I will answer your question but first, a story.



Johnny_kar said:


> A good investment is an investment that have above average return and low volatility for an extended period of time, *where the particular tool(s) used are irrelevant*.


I don't share this premise of a good investment.

In 2016, I mentioned buying Tesla. Suffice to say, there were some pretty obnoxious comments. One of the obnoxious private messages I received was titled, "Hey, s* for brains." The forum response is all here for posterity.

That first tranche more than doubled in price over the next 18 months. At that point frequent, negative, coverage shifted to constant, relentless, full on smear, coverage. Bob Lutz regularly announced on CNBC that Tesla was "Dead. They just don't know it, yet." One piece mentioned on CNBC indicated Tesla's accounts were frozen and employees couldn't cash company checks. It was wild.

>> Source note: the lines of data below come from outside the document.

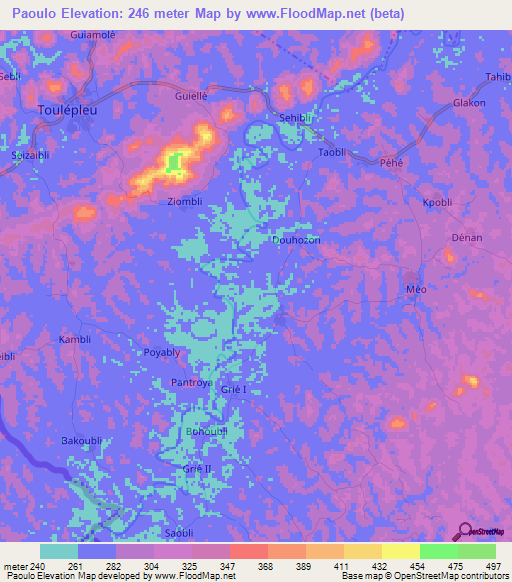 Paoulo,Ivory Coast Elevation Map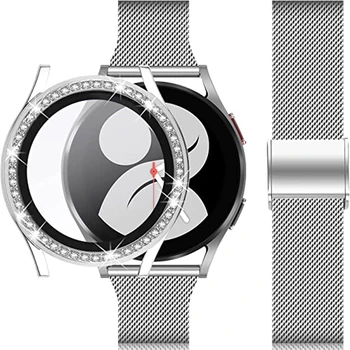 Curea de Metal + Bling Caz pentru Samsung Galaxy Watch 4 40mm 44mm Trupa Plasă de Buclă Subțire Brățară din Oțel Inoxidabil + Capac Accesorii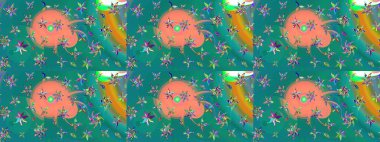 Sketch Colour Spring Theme eskiz kalıbı. Düz Çiçek Elementleri Tasarımı. Sevimli çiçek raster deseni. Mavi renkte çiçekler.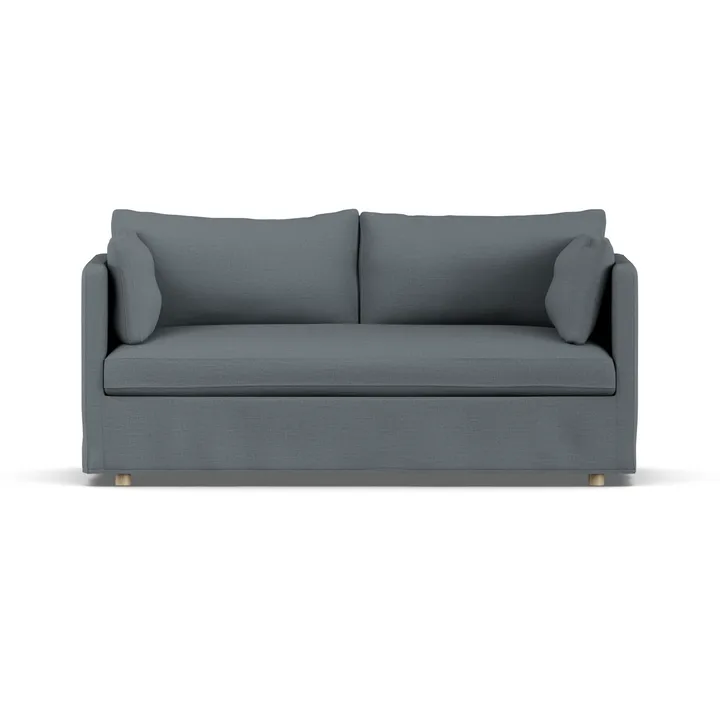Linnevik soffa - Same Blue 6678-vitoljad ek, 2-sits, med kappa - 1898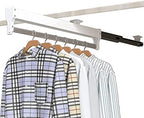 Pull-Out Clothes Rail,Extendable Clothes Rail with 2 Sliding Track,Pull Out Closet Rod Wardrobe Rail Clothes Rack,Closet Orga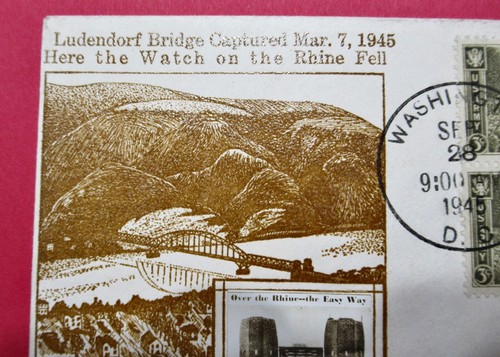 1945 US ARMY BLOCK OF FOUR 3C STAMPS FIRST DAY COVER LUDENDORF BRIDGE CACHET - Picture 3 of 6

By Q2 of 2019, the price came down to a point not much above what I paid in 2016. Essentially all of my gains were gone.

At one point, CNBC announced Tesla was way off on their production numbers. A Reddit group I hang out on was posting pics and video of trailers full of cars streaming out of Fremont at a record pace.

So, I bought the hell out of a second tranche. Yeah, I was wildly bullish.

I also picked up a small tranche in Q3, 2020 that doubled my money but that turned out to be a lousy return, relative to the first two tranches.

At this point, I don't own a single share of Tesla. Every share was sold in January of this year at well over $800. It ended up peaking around $900. It's all documented on this, and one other forum.

There have only been two companies I've been absolutely sure of in my 38 year investing trajectory and Tesla is one of them.

Now, to the point.

Tesla has been a wild ride. It doesn't come close to meeting your definition of a good investment. A lot of people were passionate and convicted in their hatred of Tesla. And yet, Tesla boosted our net worth by 50%. I would say that makes it a good investment, although it wasn't always certain to survive so there was definitely a speculative component to my Tesla ownership. This gain, after relentlessly stumping up a pretty solid retirement with decades with hard work, frugal living, relentless saving, and endless reading/research/charting.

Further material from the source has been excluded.